A coordenadora da DEAM, delegada Kelcinaira Mesquita, informa que "na maioria dos casos, os filhos ainda moram com os pais e têm problemas com álcool ou droga. Eles não trabalham e vivem da aposentadoria dos pais. Temos muitas ocorrências em relação aos netos, também com problemas com drogas".

Na sequência, 12 inquéritos foram abertos contra companheiros e maridos. Contra noras, sobrinhos, vizinhos e outros foram instaurados um processo contra cada um.

De acordo com dados de 2018 coletados pelo Núcleo de Estudos e Programas na Atenção e Vigilância em Violência, da Secretaria de Saúde do Distrito Federal, nessa região as mulheres idosas são as principais vítimas de violência doméstica, representando o dobro (64%) dos homens (32%).

No município de São Paulo, de 894 casos de violência física registrados contra idosos em 2017, 246 (27,5%) das agressões foram cometidas pelos filhos. Filhos do sexo masculino atuaram em 69% dos casos, ou seja 169 de 246, em especial contra mães. Os dados são da Prefeitura de São Paulo.

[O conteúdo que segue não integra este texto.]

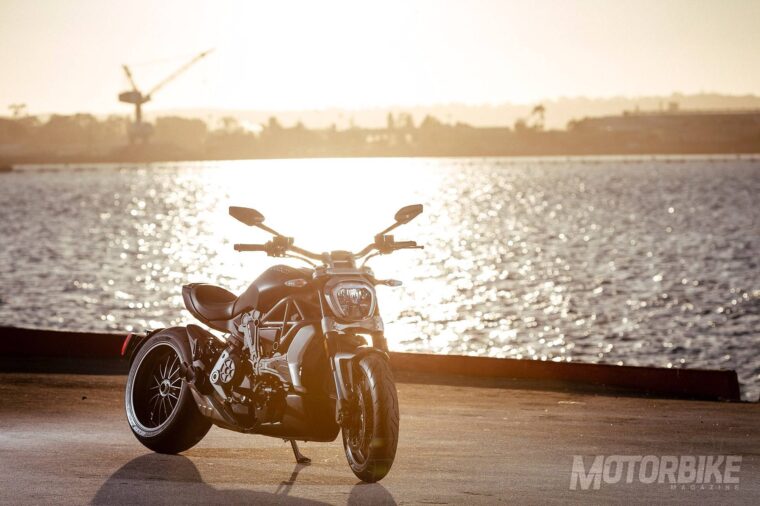 Ducati XDiavel 2016 1 Ducati XDiavel 2016 abril 01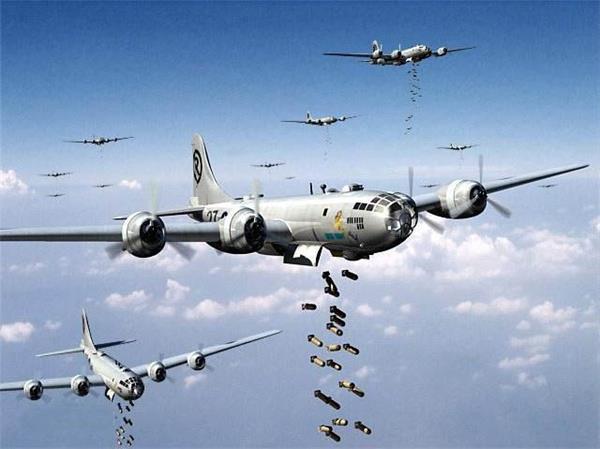 600000日本人因这位将军陷入一片火海 日却授予他一等勋章|李梅|日本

Já na cidade de Recife, em 2017, vítimas idosas do sexo feminino representavam 59%, tendo como agressor predominantemente o filho do sexo masculino. A violência física foi a forma de agressão mais observada (45%), ocorrida, principalmente, nas residências (48%). Os dados foram obtidos do Sistema de Informação de Agravos de Notificação (SINAM).

Nos dados coletados pelo disque 100, os estados onde há mais denúncias contra a mulher idosa são, nessa ordem: São Paulo, Minas Gerais, Rio de Janeiro, seguidos do Ceará, Bahia e Paraná.

Denunciar é fundamental

Para garantir proteção a pessoas idosas, a legislação brasileira conta com o Estatuto do Idoso. O documento, que completa em 2019 16 anos de vigência, consolida e reafirma direitos básicos de cidadania já previstos pela Constituição Federal.

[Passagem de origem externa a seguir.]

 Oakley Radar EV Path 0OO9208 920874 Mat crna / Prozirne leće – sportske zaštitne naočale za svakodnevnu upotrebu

No Brasil, um dos principais canais de atendimento para o combate à violência contra a mulher idosa é o serviço gratuito da Central de Atendimento à Mulher, disque 180. Esse serviço de utilidade pública oferecido pelo Ministério dos Direitos Humanos funciona 24 horas todos os dias, incluindo feriados e fins de semana. Além do número, o serviço também está disponível pelo aplicativo Proteja Brasil e pela Ouvidoria Online, no site: www.humanizaredes.gov.br/ouvidoriaonline.

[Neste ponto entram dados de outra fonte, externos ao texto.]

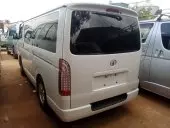 car Left Back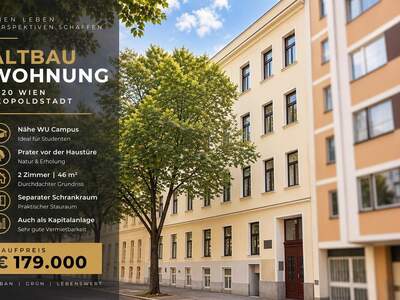 Wohnung kaufen in 1020 Wien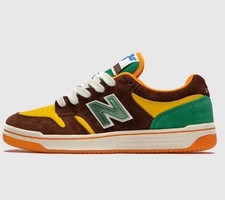 Rukus x New Balance Numeric 480 'Mallard Duck' | Mens Size 5.5 /2025 COLLAB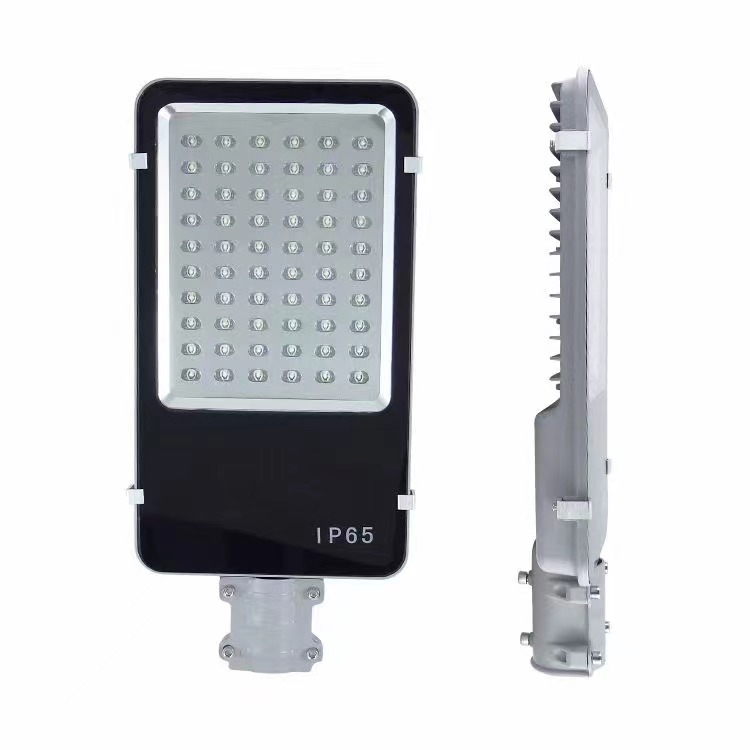 Street light 100W Philips lumined chips Done Driver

Outro meio de denunciar estes casos é o Disque 100. A central de atendimento recebe, analisa e encaminha denúncias de violações contra crianças e adolescentes, LGBT, idosos e pessoas com deficiência.

"Existem, ainda, as Delegacias Especializadas de Proteção ao Idoso e da Mulher que também recebem denúncias de violência contra mulheres idosas", informa a Assessoria Técnica da Secretaria da Pessoa Idosa do Ministério da Mulher, Família e dos Direitos Humanos.